## Excerpted records:
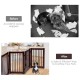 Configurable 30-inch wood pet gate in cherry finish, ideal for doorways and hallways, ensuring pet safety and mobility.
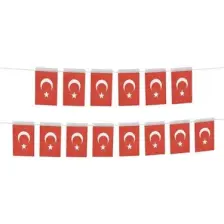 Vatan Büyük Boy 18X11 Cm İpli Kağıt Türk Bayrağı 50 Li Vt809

...

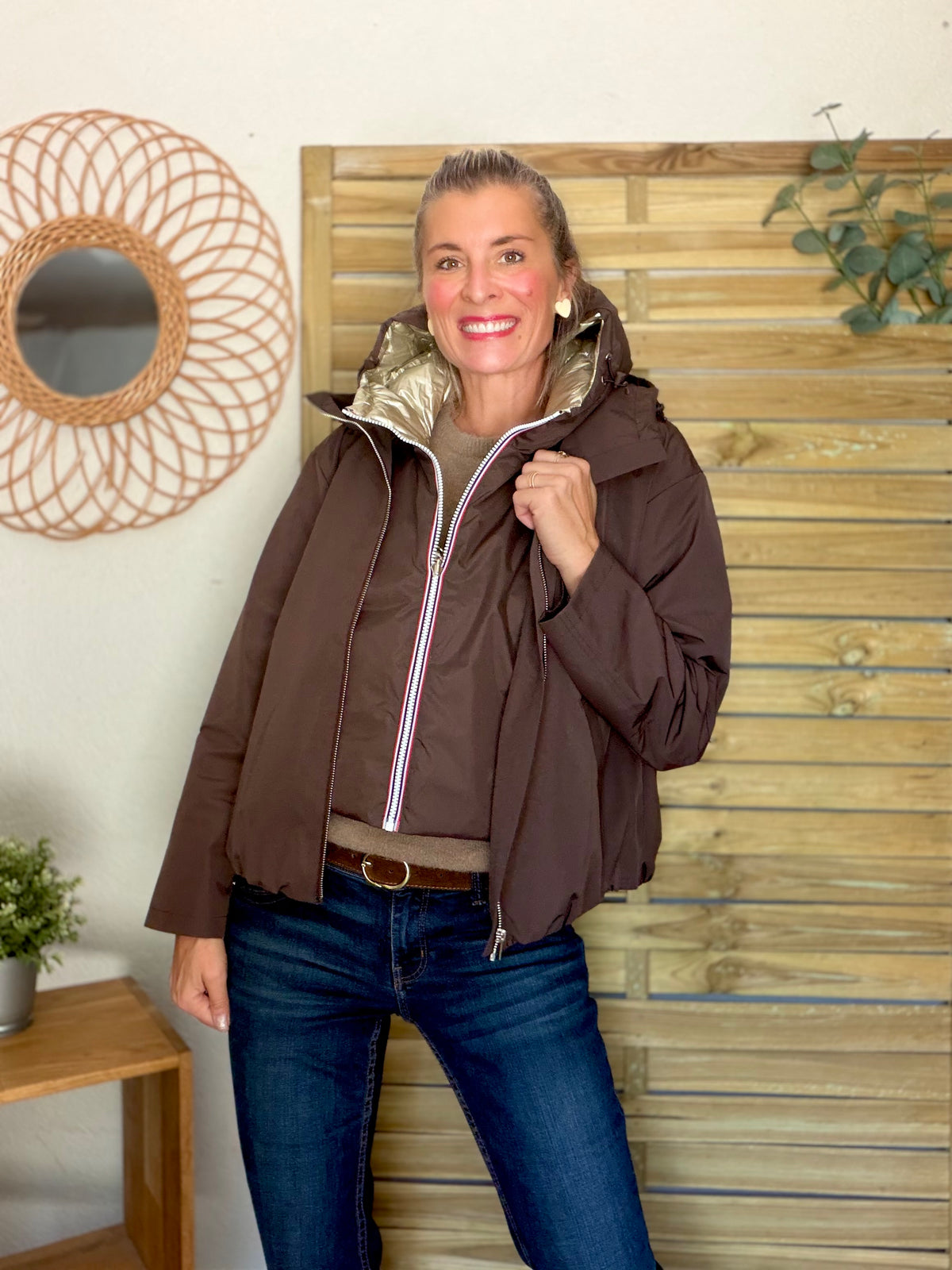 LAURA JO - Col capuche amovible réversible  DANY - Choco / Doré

## Problem requirements:
Set down exactly the lines above, from the line containing "Configurable 30-inch wood" through the line containing "Vatan Büyük Boy". Skip the pictures.

## Response area:
 Configurable 30-inch wood pet gate in cherry finish, ideal for doorways and hallways, ensuring pet safety and mobility.
 Vatan Büyük Boy 18X11 Cm İpli Kağıt Türk Bayrağı 50 Li Vt809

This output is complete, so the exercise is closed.